NVIDIA · holgerroth · Jun 8, 2026 · Jun 9, 2026 · Jun 12, 2026 · Jun 12, 2026
diff --git a/docs/design/autofl_skill.md b/docs/design/autofl_skill.md
@@ -0,0 +1,204 @@
+# NVFlare Auto-FL Skill Design
+
+## Summary
+
+Auto-FL should enter NVFlare as a skill-first product experience. Users select
+an official NVFlare Auto-FL skill in a coding agent, point it at an existing
+`job.py`, and state the optimization objective, environment, and budget. NVFlare
+owns deterministic import of campaign-relevant settings, execution truth, policy
+boundaries, artifacts, and reproducibility.
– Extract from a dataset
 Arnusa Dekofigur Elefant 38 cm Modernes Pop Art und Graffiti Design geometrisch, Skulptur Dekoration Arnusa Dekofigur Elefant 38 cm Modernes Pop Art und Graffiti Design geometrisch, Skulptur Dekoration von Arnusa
The agent owns candidate planning,
+code edits within allowed paths, experiment execution through the existing
+`job.py`, comparison, and narrative reporting.
+
+This avoids introducing a new public Auto-FL command tree while still making
+Auto-FL an NVFlare-owned feature.
+
+## Product Boundary
+
+The first production-oriented slice includes:
+
+- A root `skills/nvflare-autofl` agent skill that follows the NVFLARE skills
+  layout used by the general agent-skills work.
+- A deterministic `job.py` importer that emits reviewable `autofl.yaml` for the
+  Auto-FL campaign.
+- A trust contract in `autofl.yaml` showing editable campaign settings,
+  unresolved fields, fixed-budget constraints, and allowed edit paths.
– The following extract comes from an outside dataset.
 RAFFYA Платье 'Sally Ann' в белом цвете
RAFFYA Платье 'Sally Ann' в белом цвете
+- A skill-local candidate lifecycle that snapshots the current best source,
+  gives the agent an isolated draft, validates the resulting patch, and keeps or
+  restores source according to the campaign metric.
+- A companion `skills/nvflare-autofl-report` skill that deterministically turns
+  a stopped campaign ledger, state, config, and manifests into human- and
+  machine-readable final report artifacts.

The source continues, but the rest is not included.